Voraussetzungen der Auswertung digitaler Datenträger durch das Bundesamt für Migration und Flüchtlinge im Asylverfahren:

1. Das pauschale Auslesen von Handydaten ist rechtswidrig.

2. Die Auswertung digitaler Datenträger zur Ermittlung von Identität und Staatsangehörigkeit einer schutzsuchenden Person durch das Bundesamt für Migration und Flüchtlinge ist nicht zulässig, wenn andere Dokumente oder Erkenntnisse zur Identitätsklärung vorliegen.

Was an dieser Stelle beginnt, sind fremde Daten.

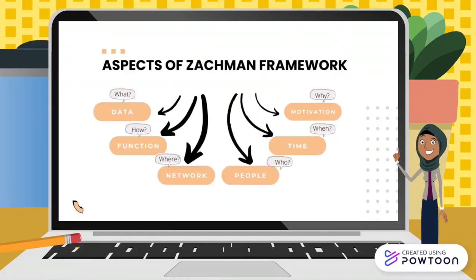The six aspects of the Zachman Framework and the interrogatives to which they correspond are: the data aspect — What; the function aspect — How; the network aspect — Where; the people aspect — Who; the time aspect — When; and the motivation aspect — Why.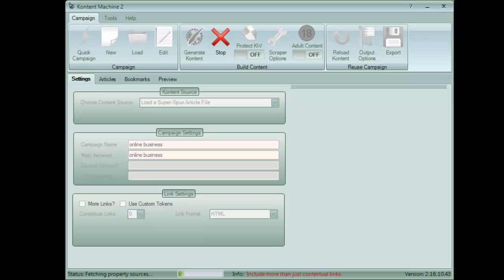What Content Machine will do is go out and fetch relevant tags, summaries, resource boxes, titles, images, and videos.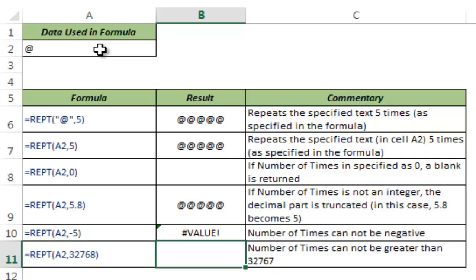You should also know that Excel can take only 32,767 characters in a cell. If the number of characters increases to 32,768, it returns a VALUE error.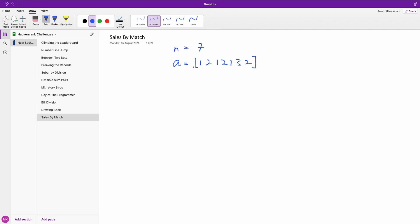So basically they're trying to ask us, what are the matching numbers? How many of them are there? So if you have 1 and you have 1 again, this one has a match. We have 2, we have 2, we have another 2, so two works. But we have 3, so we don't have a match.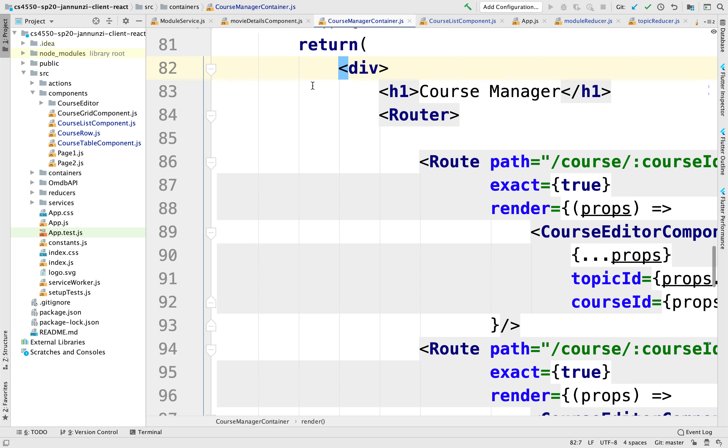The first thing we're going to do is create a home screen and from there we're going to add a couple of hyperlinks so we can navigate everywhere else.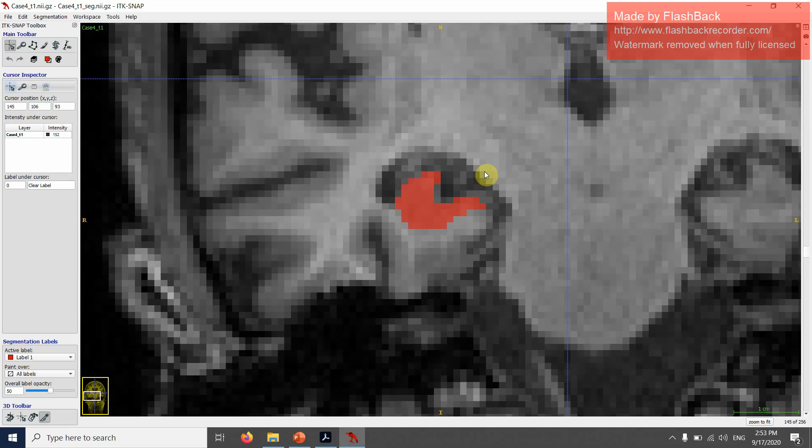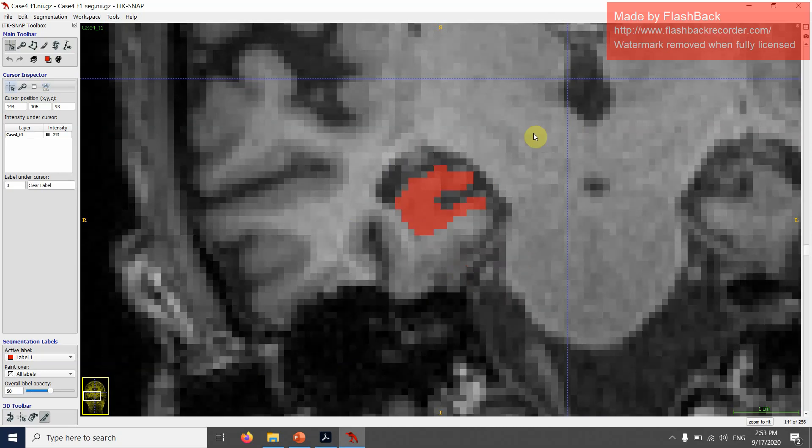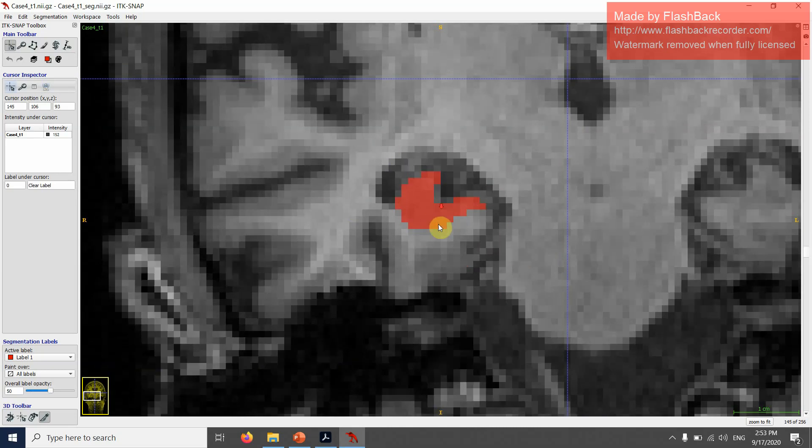I think the important thing is when you're segmenting your own data set, to make this decision the same for each subject. Be very consistent between subjects. I think this is an ambiguous one. This unfortunately happens. I'm now deciding that this is the last slice with the uncus, and this is the first slice of the posterior hippocampus.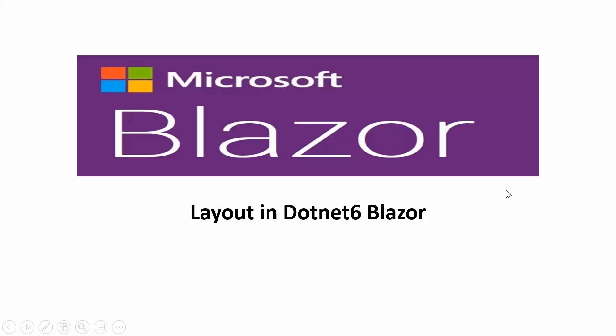Dear viewers, thank you for watching another video of my Blazor playlist. Today I am going to talk about layout in Blazor application.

(Leitsätze der Redaktion; Vorinstanz: VG Berlin, VG 9 K 135/20 A, Urteil vom 1. Juni 2021 - asyl.net: M29743; Anmerkung von Lea Beckmann und Matthias Lehnert zur Entscheidung des VG Berlin vom 1. Juni 2021, Asylmagazin 9-2021, S. 340ff. und Pressemitteilung der Gesellschaft für Freiheitsrechte vom 16. Februar 2023 zur aktuellen Entscheidung des BVerwG)

Anmerkung:

Schlagwörter: informationelles Selbstbestimmungsrecht, Auslesen, Auswertung, Datenträger, Mobiltelefon, Identitätsfeststellung, Identitätstäuschung, Asylverfahren, Bundesamt für Migration und Flüchtlinge, Anordnung, Mitwirkungspflicht, Handydaten, Handydatenauswertung,
Normen: AsylG § 15a Abs. 1 Satz 1, AsylG § 15 Abs. 2 Nr. 6
Auszüge:

[...]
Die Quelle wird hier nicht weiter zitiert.